*** Available data ***

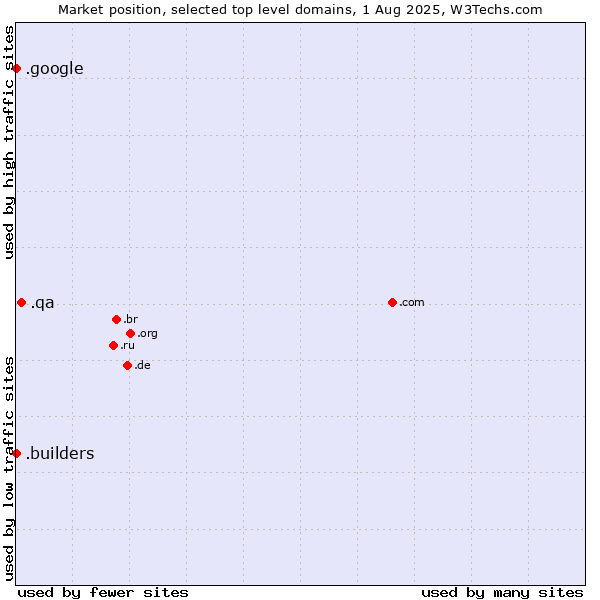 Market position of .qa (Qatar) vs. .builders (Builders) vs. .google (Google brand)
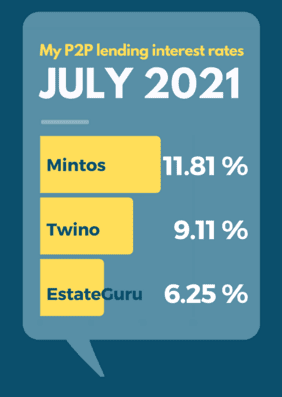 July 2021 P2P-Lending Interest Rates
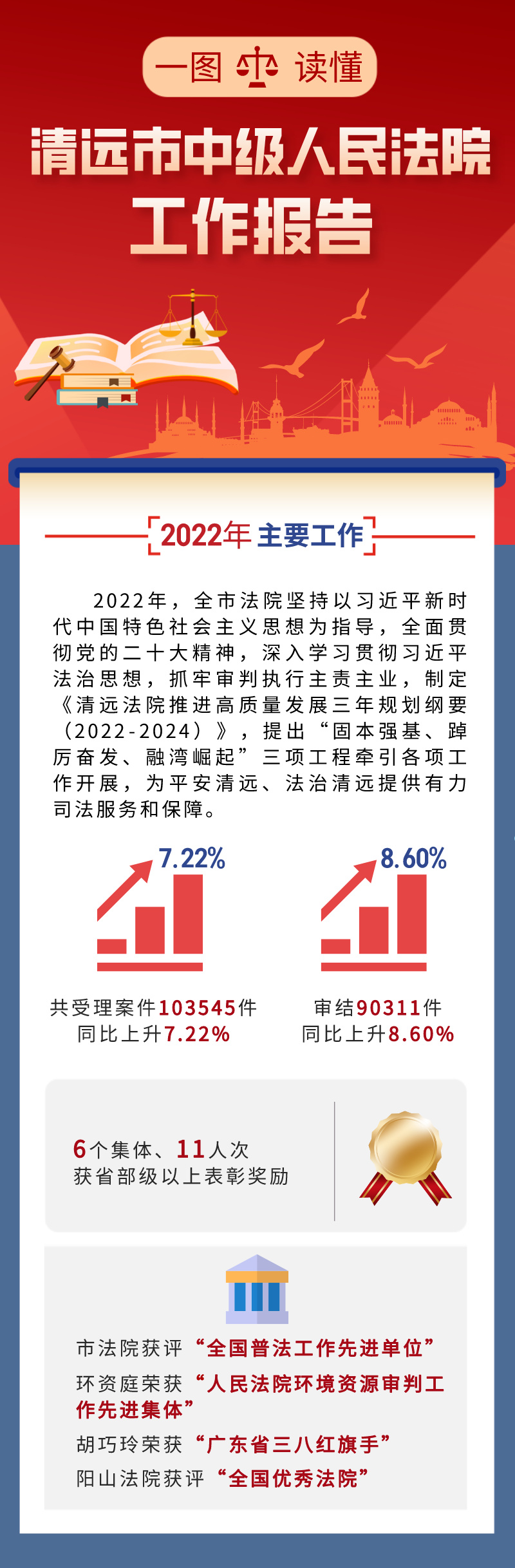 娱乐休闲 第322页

*** End of Available data ***
*** Available data ***

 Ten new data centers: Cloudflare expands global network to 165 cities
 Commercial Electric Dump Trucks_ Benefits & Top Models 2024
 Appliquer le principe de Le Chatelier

*** End of Available data ***

• [What you have to do]
Write out, from the lines above, only those from the line with "Commercial Electric Dump" to the line with "Appliquer le principe de Le Chatelier", exactly as given, including the first and the last.

• [Response to this task]
 Commercial Electric Dump Trucks_ Benefits & Top Models 2024
 Appliquer le principe de Le Chatelier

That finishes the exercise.